- [ACTIVITY]: Although the entries contain pictures, repeat only their words, exactly as written.

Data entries

== Segment start ==

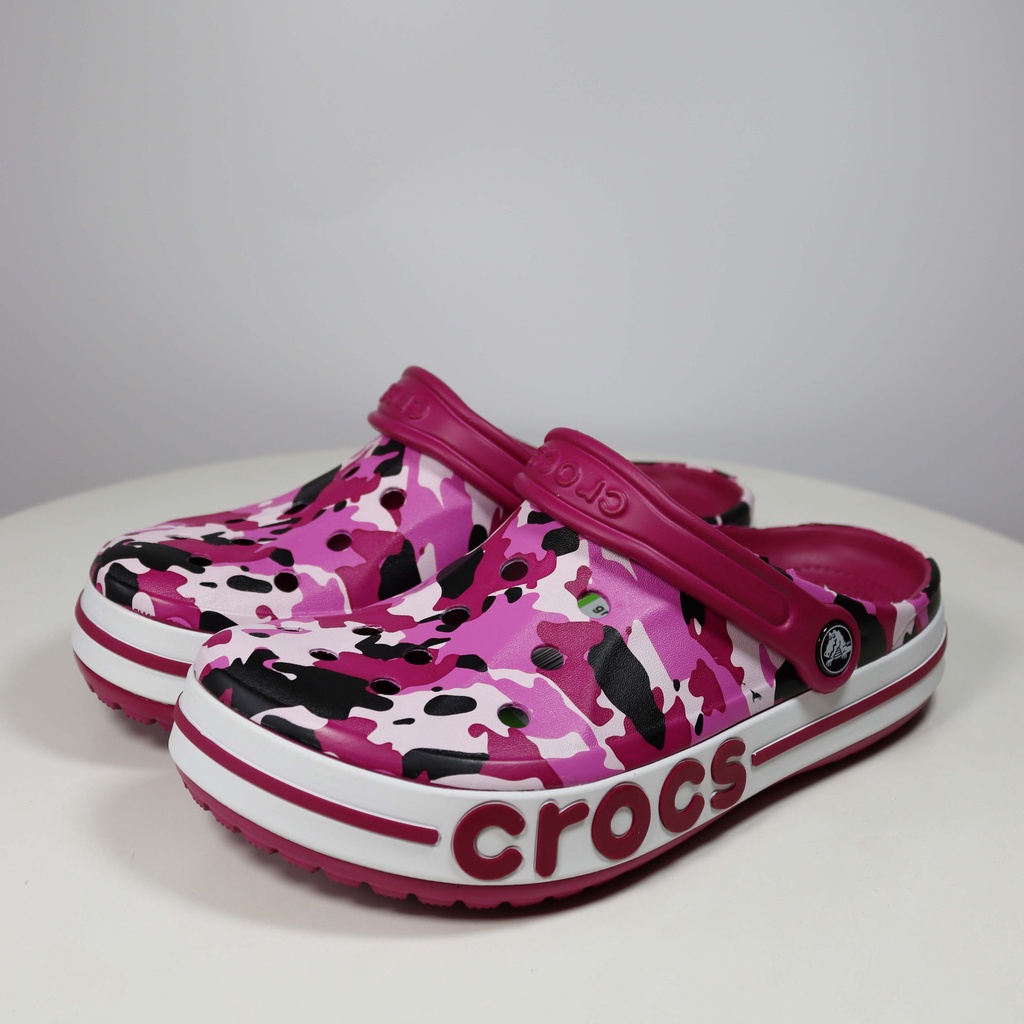 Dép Crocs unisex Ngụy Trang Đi Biển Cho jibbitz []205089】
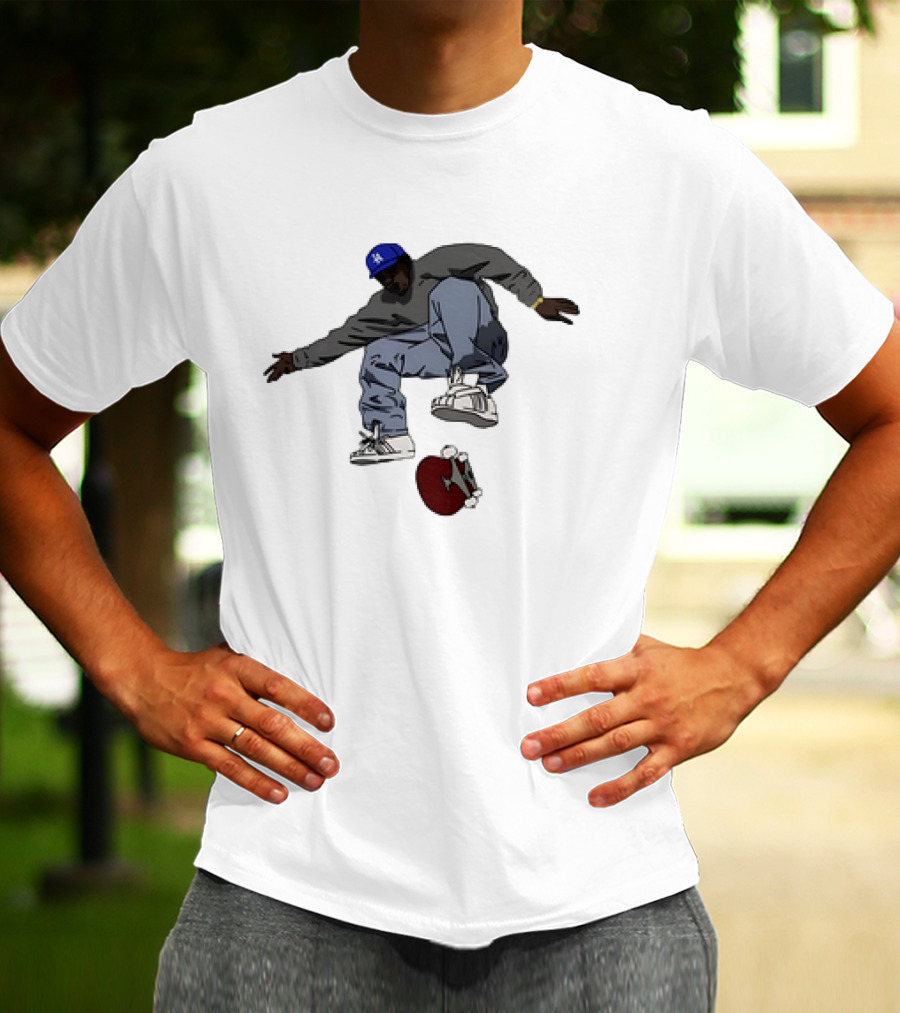 Kareem Campbell World Skateboards 90s Iconic Skateboarding Trick T-Shirt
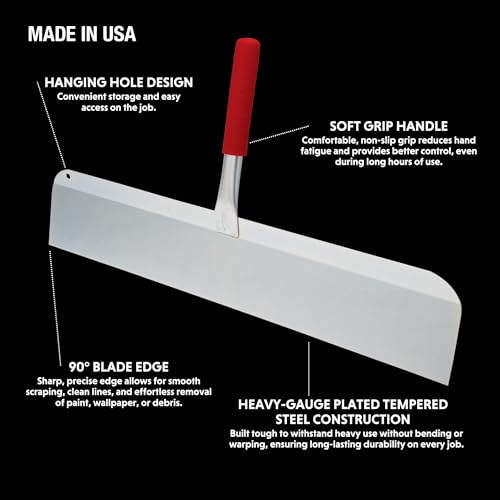 20" Do-All Scraper | Advance Equipment MFG Co. | Multi-Use Scraper with 4" Beveled Tempered Steel Blade – Built for Drywall, Paint, Spray Shield | Model DA-20 | USA Made, 100+ Years Family Owned - color: 20 Inch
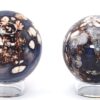 Blue Flower Agate Spheres - Image 2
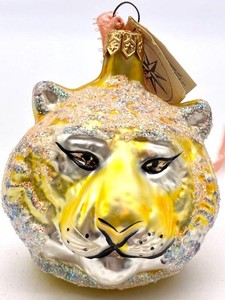 Christopher Radko Tiger Figural Glass Christmas Ornament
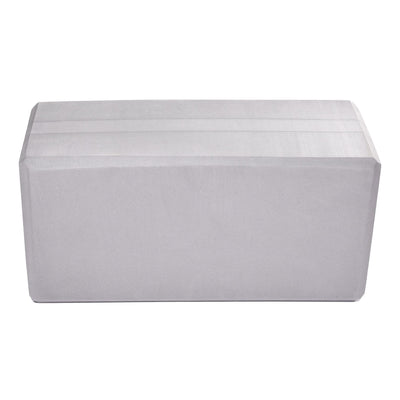 Hugger Mugger 5 in. Big Foam Yoga Block - Extra Large Size, Dense Foam, Reliable Support, Beveled Edges for Comfort, Great if You're Taller or Less Flexible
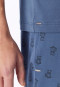 Shirt met korte mouwen in faded denim - Mix+ Relax
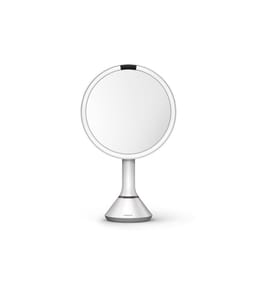 SIMPLEHUMAN - Miroir cosmétique avec capteur Touch Control Blanc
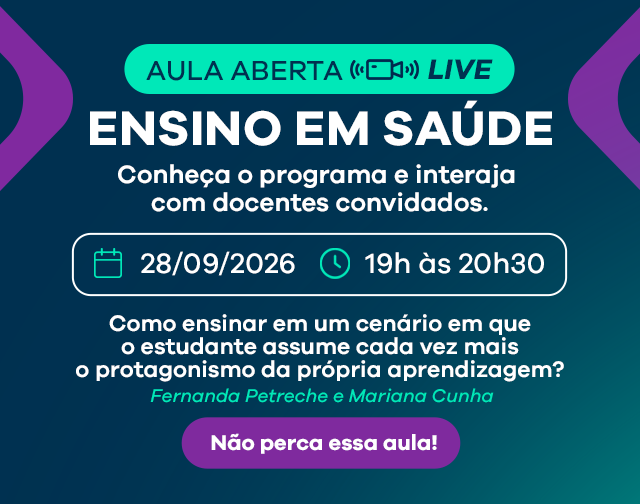 Mestrado Profissional - Aula Aberta (Live) - Inscreva-se Gratuitamente (28/08 19h às 20h30)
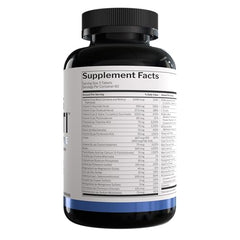 Rule1 Men's Multi serving pack indicating convenient three-tablet daily dose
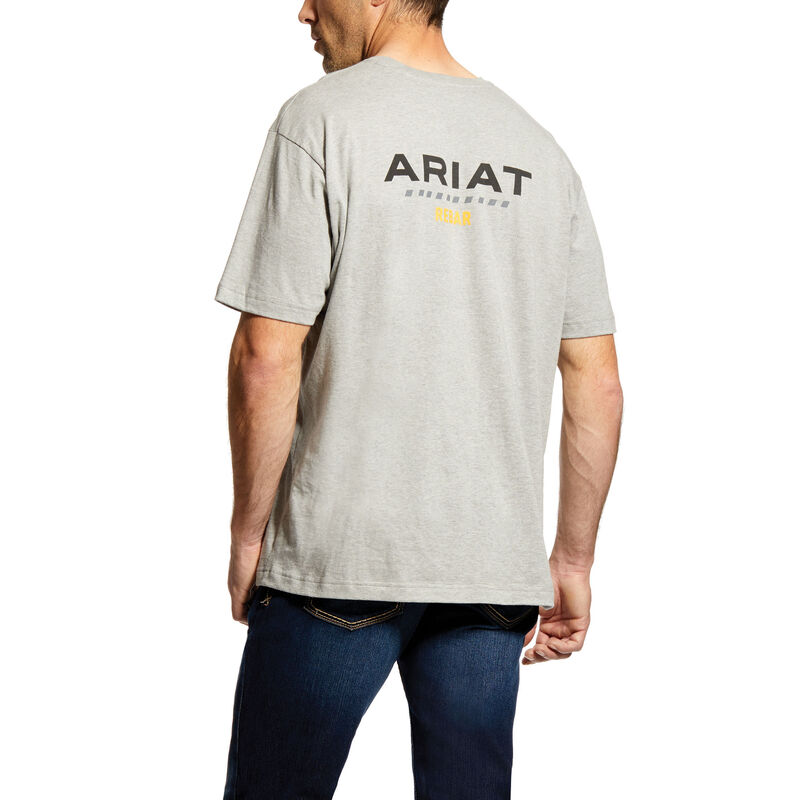 Magliette Uomo Ariat Rebar Cotone Strong Logo Grigie | 6NCO4FF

== Segment end ==

- [RESPONSE]:
 Dép Crocs unisex Ngụy Trang Đi Biển Cho jibbitz []205089】
 Kareem Campbell World Skateboards 90s Iconic Skateboarding Trick T-Shirt
 20" Do-All Scraper | Advance Equipment MFG Co. | Multi-Use Scraper with 4" Beveled Tempered Steel Blade – Built for Drywall, Paint, Spray Shield | Model DA-20 | USA Made, 100+ Years Family Owned - color: 20 Inch
 Blue Flower Agate Spheres - Image 2
 Christopher Radko Tiger Figural Glass Christmas Ornament
 Hugger Mugger 5 in. Big Foam Yoga Block - Extra Large Size, Dense Foam, Reliable Support, Beveled Edges for Comfort, Great if You're Taller or Less Flexible
 Shirt met korte mouwen in faded denim - Mix+ Relax
 SIMPLEHUMAN - Miroir cosmétique avec capteur Touch Control Blanc
 Mestrado Profissional - Aula Aberta (Live) - Inscreva-se Gratuitamente (28/08 19h às 20h30)
 Rule1 Men's Multi serving pack indicating convenient three-tablet daily dose
 Magliette Uomo Ariat Rebar Cotone Strong Logo Grigie | 6NCO4FF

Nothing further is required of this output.